Our pup tires out after play and likes to take a nap or two during the day. I have been giving her partial run of the house for 2-3 hours in the am (instead of her crate) when I'm out and she seems to just sleep (no evident chewing on her chew toys etc.) so I am happy about that and crossing my fingers she keeps up the model behavior.


----------



## Anida (Jun 10, 2016)

I think with every breed there is a definite range of activity. I think our V is on the lower end of the spectrum. At 10 mths, she has more energy than she did when she is a pup and the weather is starting to cool down a little bit here so I think that is also contributing to her energy increase but it's nothing that a 40-60minute walk doesn't cure.


----------



## MCD (May 4, 2013)

There are other fairly recent posts about mellow vizslas too. Like within the last few months. This is probably a common question. If you type in on the search bar on the right of your screen it will bring up the topic.


----------



## hecallsmebama (Mar 31, 2016)

Amos (8 months) is on the mellow side so far (with us, not with guests), at least compared to what I read and the couple of other vizslas I've encountered. I take him out once a day, occasionally twice, to play for about thirty minutes and he seems content the rest of the day. He loves frisbee so that is what we do mostly which is fairly intense for them, plus it's in the summer heat, so that could be playing a part. Sometimes he gets a little rowdy and will "pick" at someone for attention or play, but that is not the norm. He usually naps or gnaws on his chew toys or he'll sit and wave "bye bye" which is kind of his way of asking to do training. He also has a game he plays with my kids that they made up together called "found ya" (think play resource guarding with moving hide and seek). He loves it and he does run around some with that. He is suppose to be my running partner come December, so it will be interesting to see how that goes. I'm not a crazy distance person by any means, so I think he'll be fine even if he turns out to be truly lazy-ish.

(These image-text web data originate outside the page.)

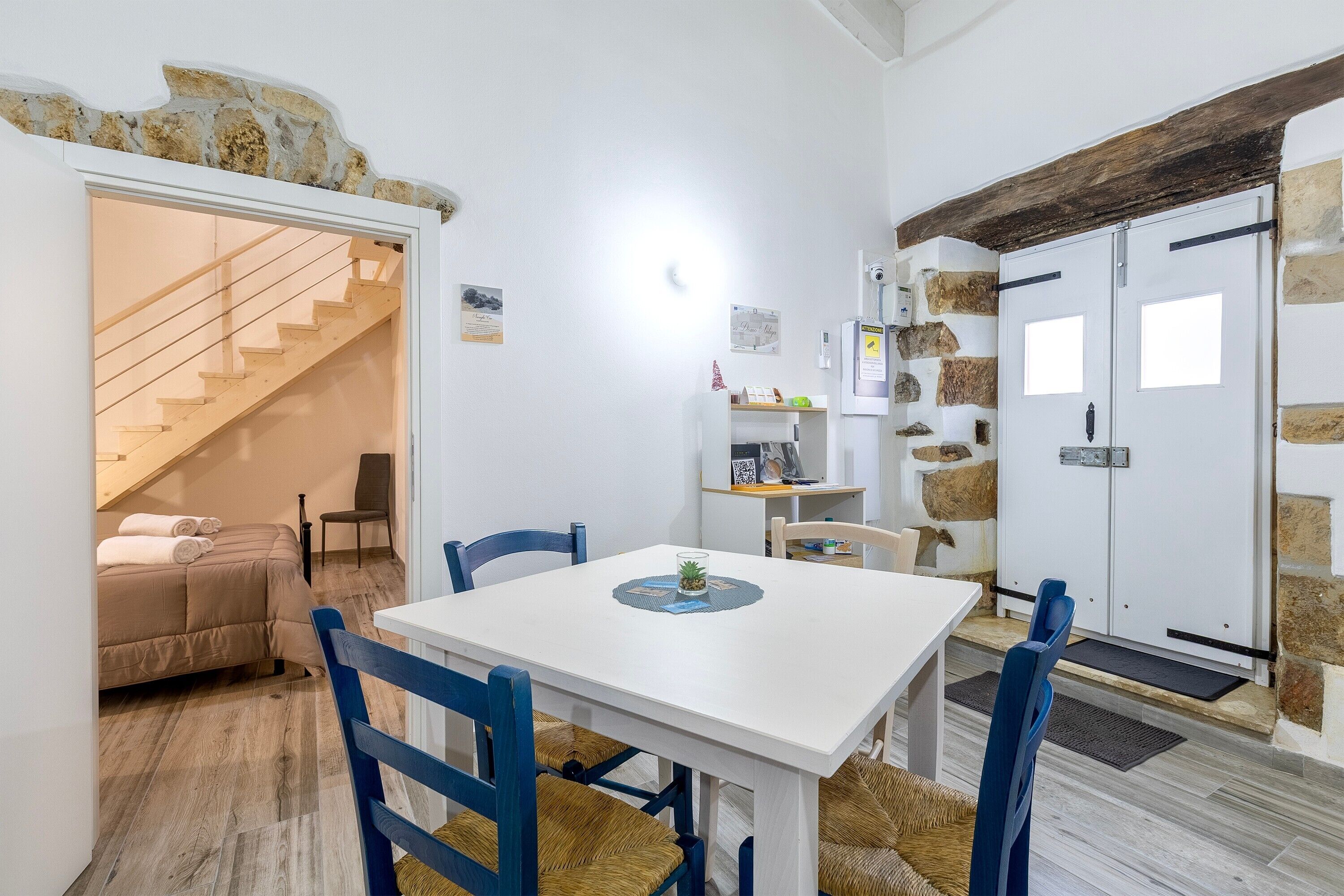 A room with a white table, blue chairs, a bed with a wooden headboard, a staircase, and stone walls.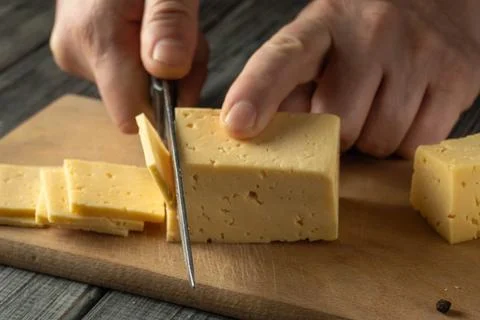 A person uses scissors to cut a block of yellow cheese into slices on a woo.. Stock Photos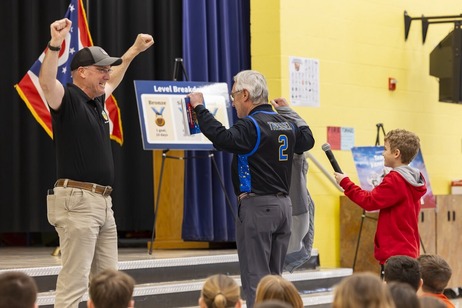 Maysville Elementary student holding microphone for Lt. Governor Tressel 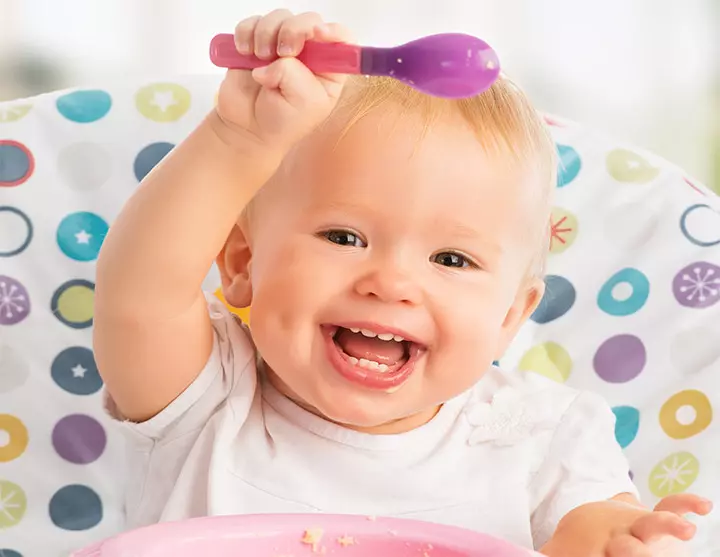 Really cute baby smiling with hands in the air picture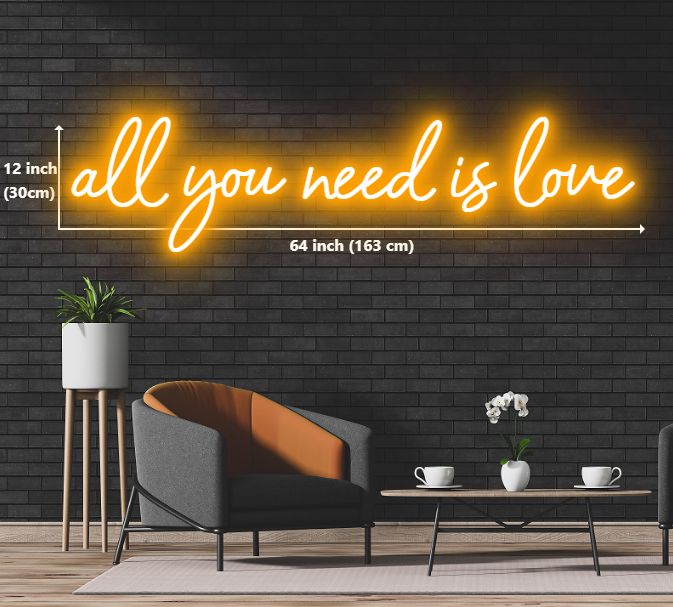 Neon sign with the words 'all you need is love' glowing in vibrant colors.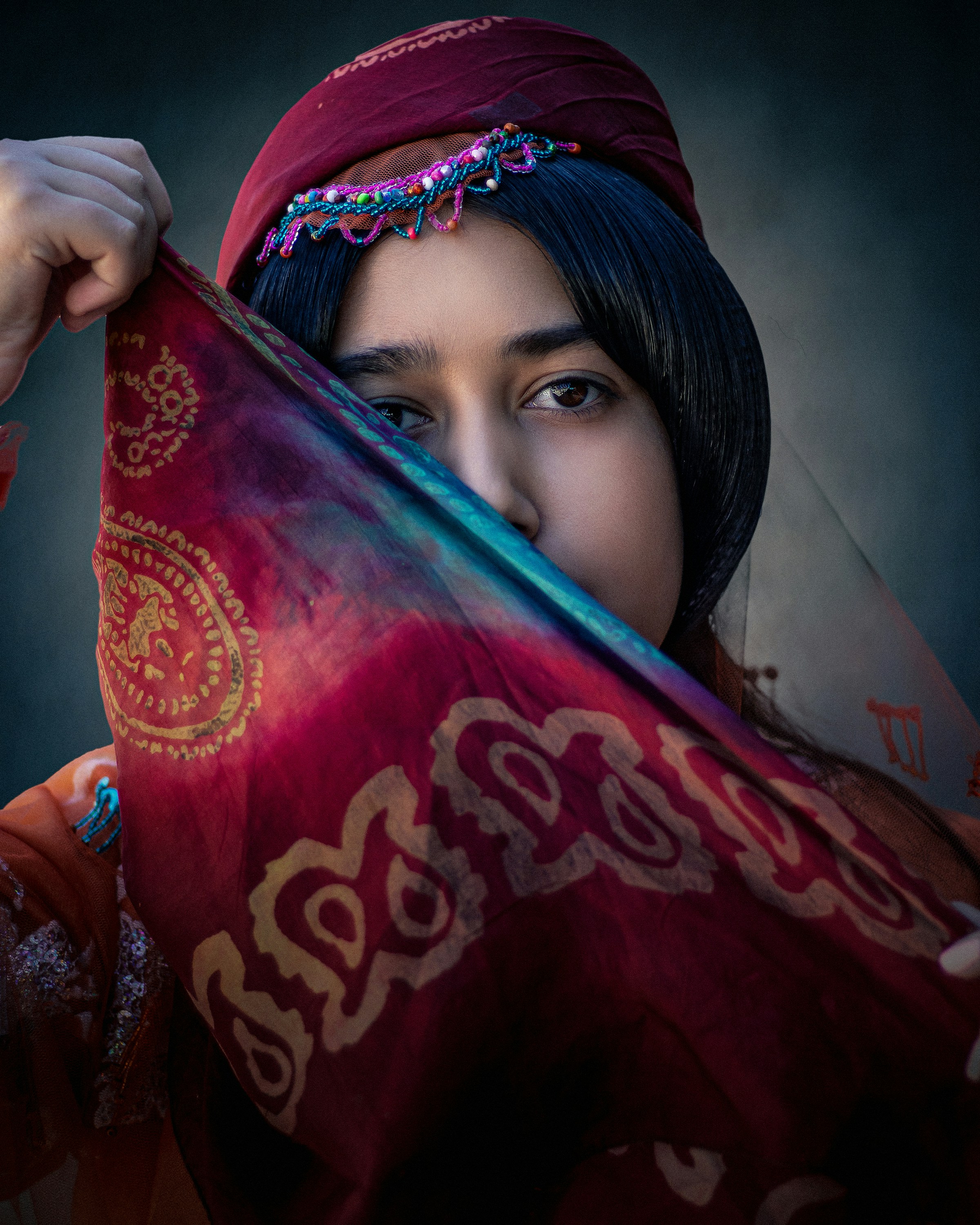 A woman in a red dress holding a red shawl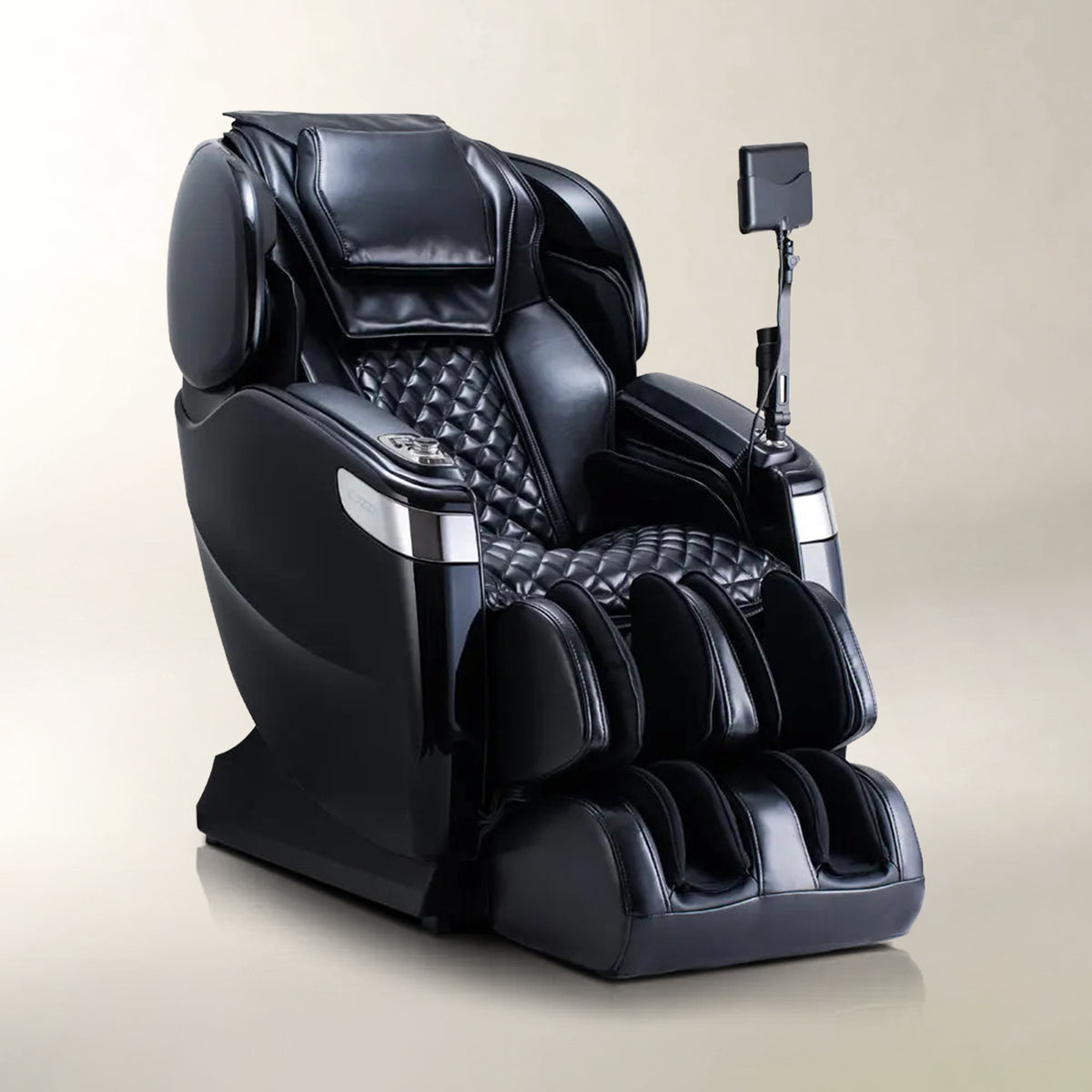 A black massage chair with quilted stitching, a foot massager base, and an adjustable armrest holding a small rectangular device, shown on a plain beige studio background.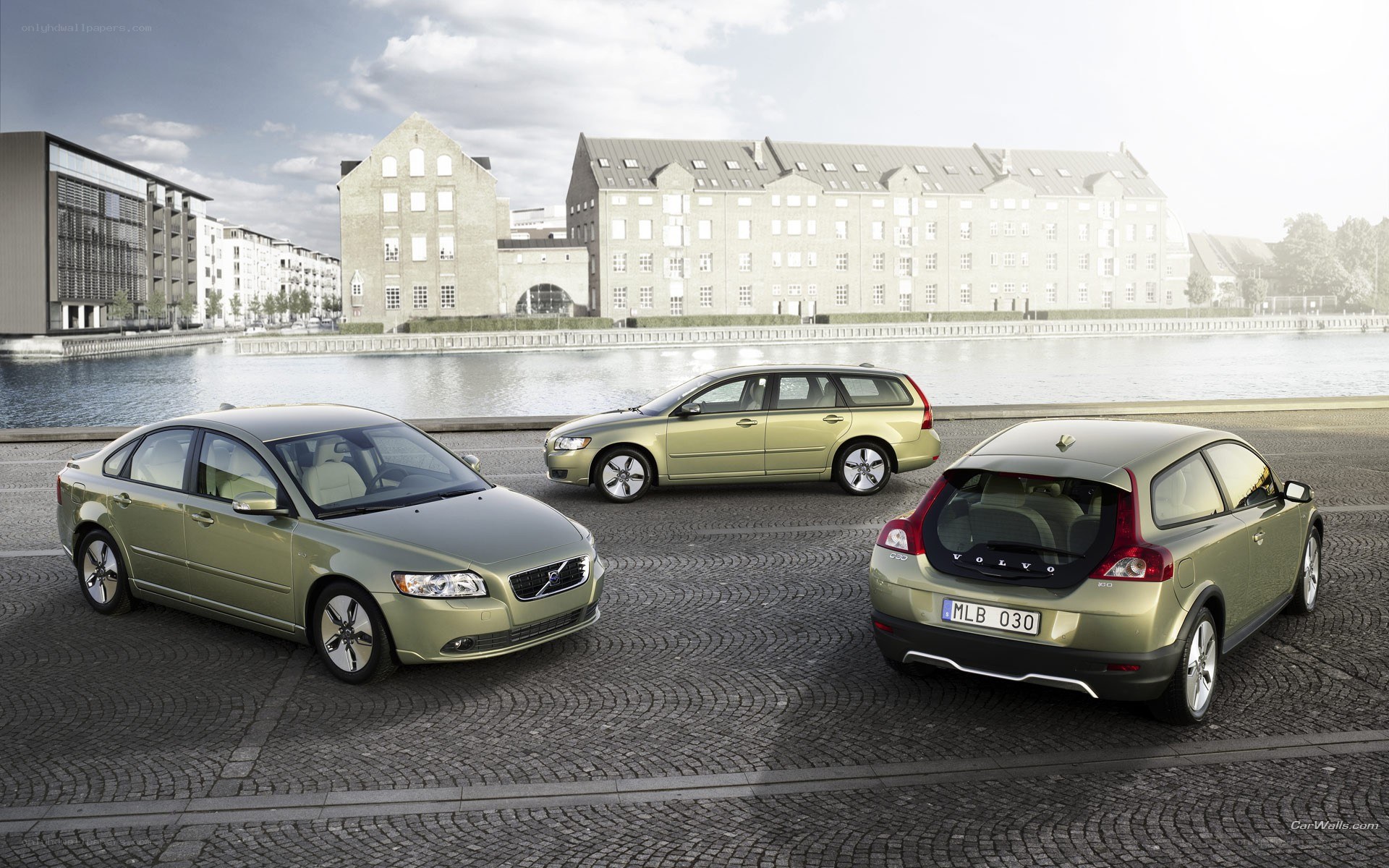 Volvo car lineup by water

On the flip side, he is wild when we have guests and we have people over a good bit. He is super hyper and thinks he needs to their attention nonstop. He's a completely different dog. I know people think we must be a slave to him. ;D


----------



## Anida (Jun 10, 2016)

HeCallsMeBama said:


> Amos (8 months) is on the mellow side so far (with us, not with guests), at least compared to what I read and the couple of other vizslas I've encountered. I take him out once a day, occasionally twice, to play for about thirty minutes and he seems content the rest of the day. He loves frisbee so that is what we do mostly which is fairly intense for them, plus it's in the summer heat, so that could be playing a part. Sometimes he gets a little rowdy and will "pick" at someone for attention or play, but that is not the norm. He usually naps or gnaws on his chew toys or he'll sit and wave "bye bye" which is kind of his way of asking to do training. He also has a game he plays with my kids that they made up together called "found ya" (think play resource guarding with moving hide and seek). He loves it and he does run around some with that. He is suppose to be my running partner come December, so it will be interesting to see how that goes. I'm not a crazy distance person by any means, so I think he'll be fine even if he turns out to be truly lazy-ish.
> 
> On the flip side, he is wild when we have guests and we have people over a good bit. He is super hyper and thinks he needs to their attention nonstop. He's a completely different dog. I know people think we must be a slave to him. ;D


I think Amos and Kaylee would get a long great haha. This is pretty much her to a tee as well. Guests or other dogs she is crazy hyper but otherwise she is content with one walk or frisbee as well


----------